Supplied data:
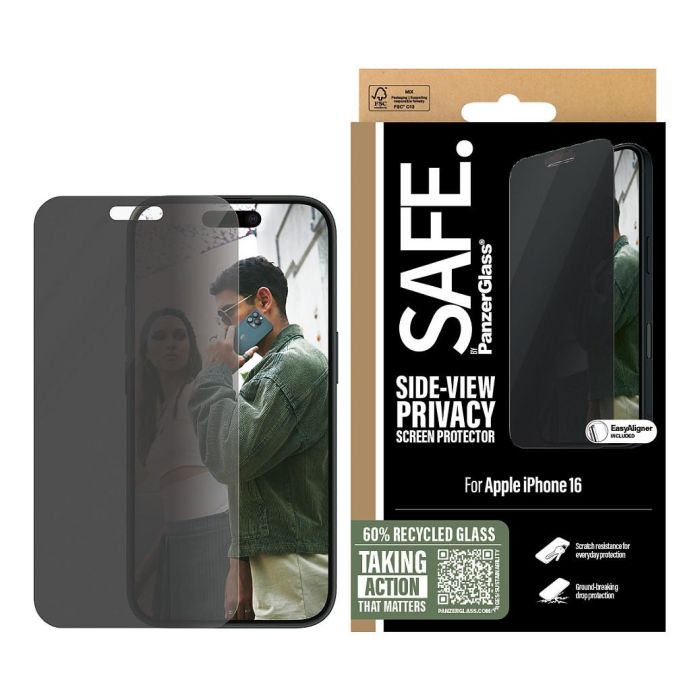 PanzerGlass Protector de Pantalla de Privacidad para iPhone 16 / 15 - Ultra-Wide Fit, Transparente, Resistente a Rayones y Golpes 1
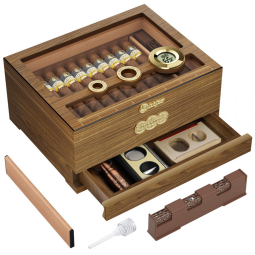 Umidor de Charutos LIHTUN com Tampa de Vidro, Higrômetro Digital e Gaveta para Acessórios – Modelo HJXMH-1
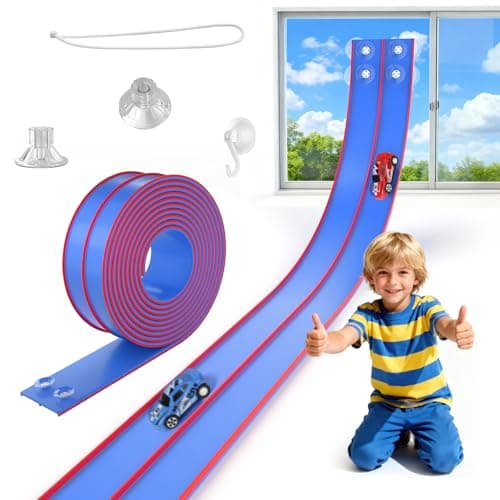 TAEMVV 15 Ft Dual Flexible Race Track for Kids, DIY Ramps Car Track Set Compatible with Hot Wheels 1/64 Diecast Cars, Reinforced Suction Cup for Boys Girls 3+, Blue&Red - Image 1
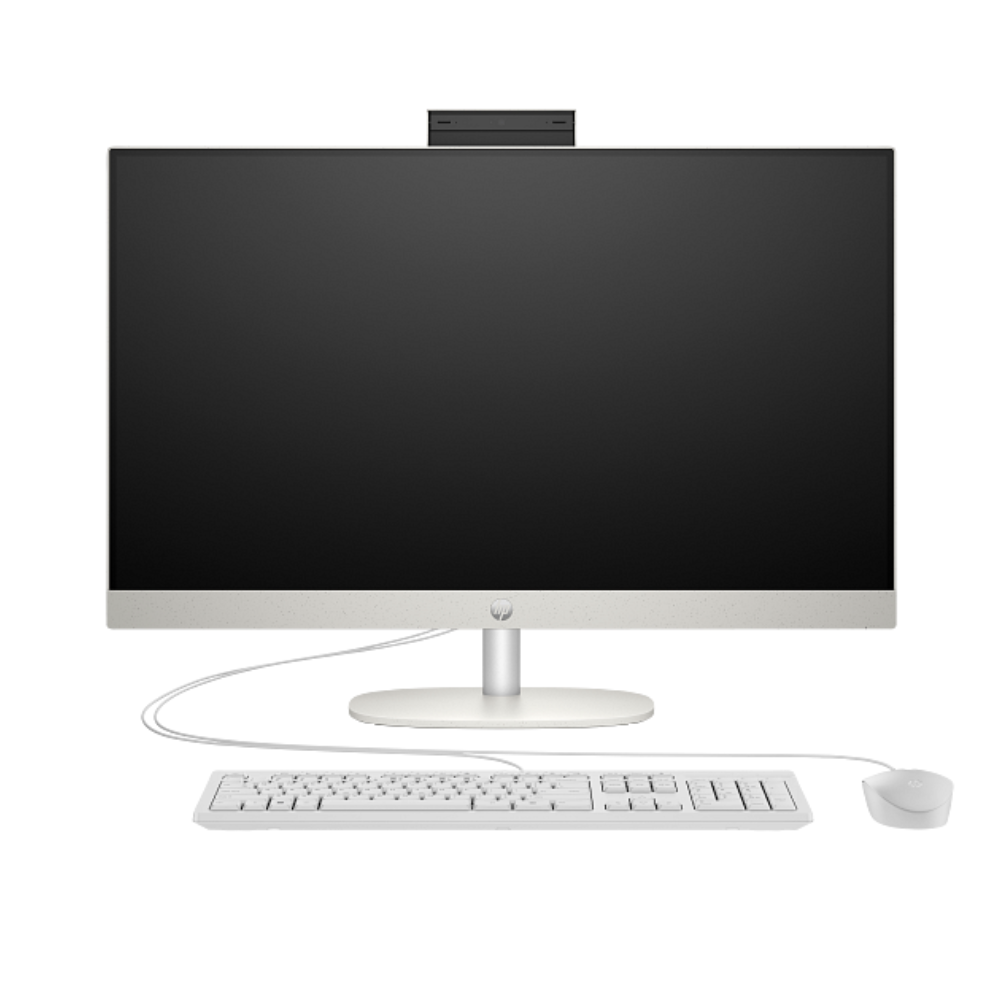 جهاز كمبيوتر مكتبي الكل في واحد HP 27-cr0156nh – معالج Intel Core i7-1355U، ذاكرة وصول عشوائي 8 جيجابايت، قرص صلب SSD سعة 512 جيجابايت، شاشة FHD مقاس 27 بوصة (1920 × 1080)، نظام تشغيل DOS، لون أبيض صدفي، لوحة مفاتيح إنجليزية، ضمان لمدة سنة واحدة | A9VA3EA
--
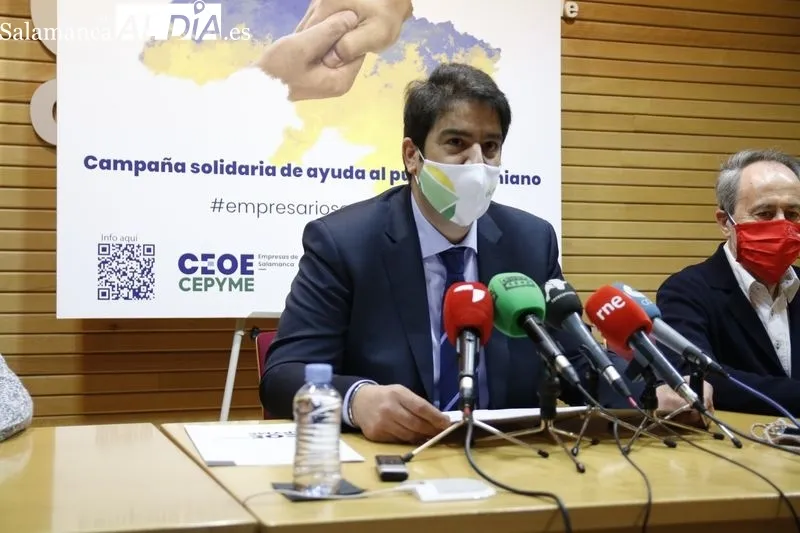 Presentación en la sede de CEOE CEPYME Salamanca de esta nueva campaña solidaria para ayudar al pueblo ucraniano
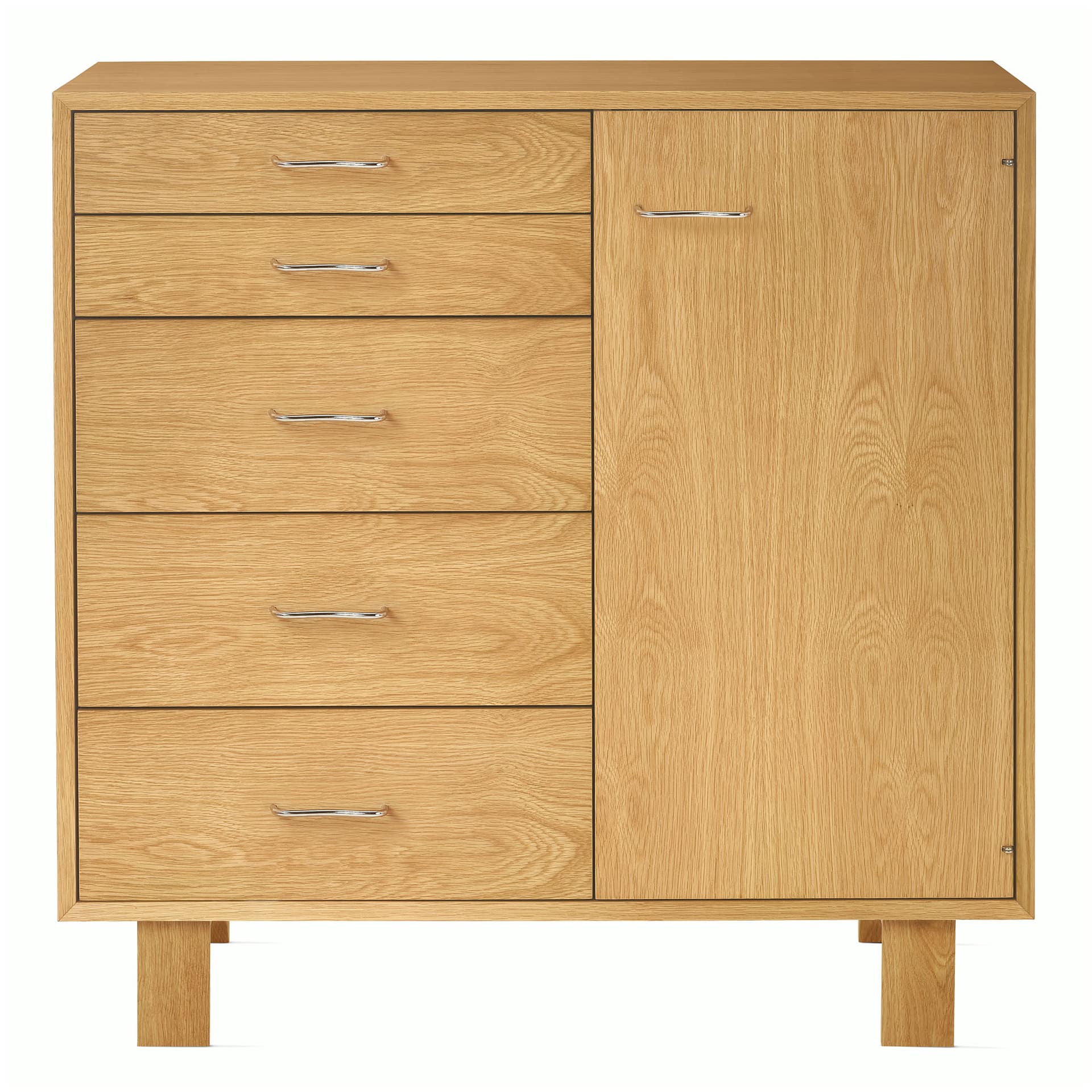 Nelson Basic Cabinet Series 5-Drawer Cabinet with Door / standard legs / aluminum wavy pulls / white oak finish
---
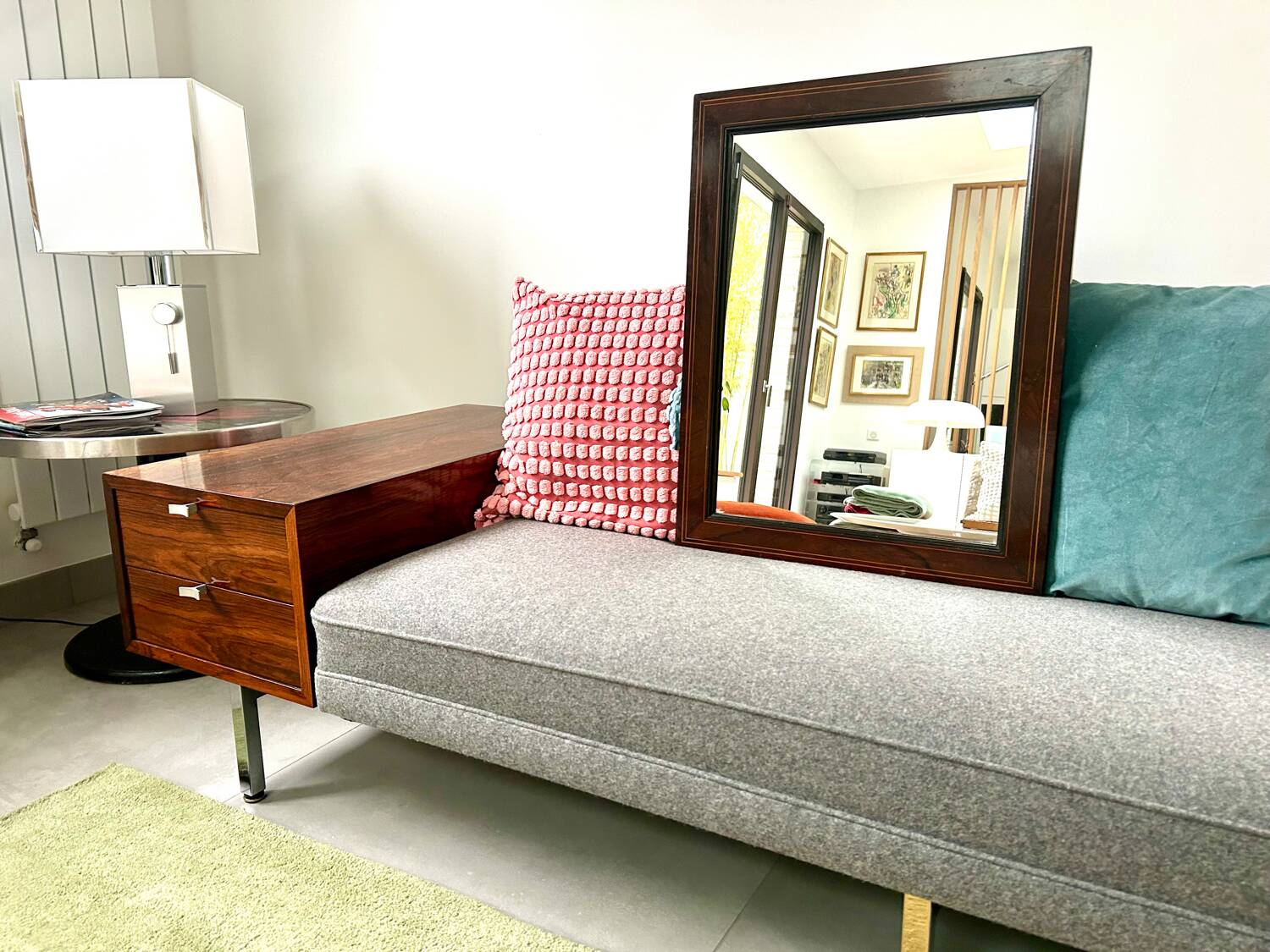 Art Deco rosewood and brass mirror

What the exercise asks: Go back to the lines above and output, exactly as they stand, the ones from the line containing "PanzerGlass Protector de" to the line containing "جهاز كمبيوتر مكتبي". Leave all pictures behind.

Output for this exercise:
 PanzerGlass Protector de Pantalla de Privacidad para iPhone 16 / 15 - Ultra-Wide Fit, Transparente, Resistente a Rayones y Golpes 1
 Umidor de Charutos LIHTUN com Tampa de Vidro, Higrômetro Digital e Gaveta para Acessórios – Modelo HJXMH-1
 TAEMVV 15 Ft Dual Flexible Race Track for Kids, DIY Ramps Car Track Set Compatible with Hot Wheels 1/64 Diecast Cars, Reinforced Suction Cup for Boys Girls 3+, Blue&Red - Image 1
 جهاز كمبيوتر مكتبي الكل في واحد HP 27-cr0156nh – معالج Intel Core i7-1355U، ذاكرة وصول عشوائي 8 جيجابايت، قرص صلب SSD سعة 512 جيجابايت، شاشة FHD مقاس 27 بوصة (1920 × 1080)، نظام تشغيل DOS، لون أبيض صدفي، لوحة مفاتيح إنجليزية، ضمان لمدة سنة واحدة | A9VA3EA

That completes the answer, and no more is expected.